Hadir manakala lahir benih benih lembut manis
Jiwa tampa sadar telah dipersatukan
Lihatlah musim cinta di desember yang gerimis
Seolah bersemi di sungai dan ladang ladang

Sinar yang menembus kabut
Dari balik hujan  semesta alam
Kupejamkan mata siluit dirimu di dalam rangkaian otakku
Ach sudalah...saatnya kurebahkan tubuhku
Untuk  terlelap tampa terusik fikiranku

Demikianlah musim cinta menebar keseluruh hati hati yang lainnya
Bahkan musim panca roba tak juga mengusik hati hati lembut manis
Kemudian aku tertidur dalam nyanyian semusim
Sementara yang lainnya sibuk berdiskusi tentang rasa yang gamang...

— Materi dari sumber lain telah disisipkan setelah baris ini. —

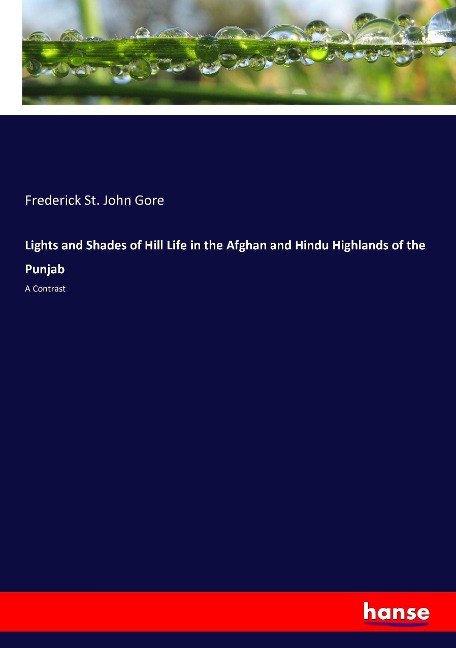 Lights and Shades of Hill Life in the Afghan and Hindu Highlands of the Punjab: A Contrast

Seperti perjanjian sang pengantin

Bilakah malam telah usai untukku
Hingga tersadar dari diammu
Seharusnya tak kau biarkan aku tampamu
Hingga  sempat kukehilangan kepercayaan itu

Bilakah kau mengerti bahwa luka itu tergores dihatiku
Meskipun aku tetap sama seperti dulu
namun tak ingin kutengelam lebih jauh
Harusnya semua yg tertoreh tak terjadi dalam diamku
Seharusnya kau ada saat kutersesat karenamu
lalu masih adakah kesempatan untuk berbenah langkah

Agar hidup lebih bermakna  tidak hanya sekedar hidup
Bilakah dapat merubah apa yg terlewati bagai pelangi indah tak tersentuh
Atau  hanya pelangi disebuah kanvas lusuh yg bisa tersentuh
Kemudian tak indah lagi  karena pudar lambat laun setelah waktu berlalu
kau tau bahwa keindahan itu milik kita
Harusnya semua terjaga dalam genggamanmu
lalu perlahan kesepakatan itu kita ikrarkan
Seperti janji pengantin dalam ikrar yang kita sepakati kemarin malam

Bilakah malam menjadi saksi
Bahwa satu masa dimana kita saling berbagi
Antara pilihan yang sama sama bukan pilihan
lalu kemudian semua bagai terlupakan
Hingga kita yakin bahwa dalam sebuah masa ada baik dan buruk
Ada suka ada pula duka
Lalu adakah  jalan terbaik setiap sesal yang kita sepakati
obati luka yg terlanjur tercipta

Perlahan lagit malam kurasakan dingin
kubiarkan  diamku dengan perjanjian yang tak tertulis
hanya sebuah kegalauan yang ingin kutepis
Bahwa tak ingin melukai  setiap perjalanan yang sudah tertulis dalam hidup
Sungguh demikian aku tetap dalam genggamanmu.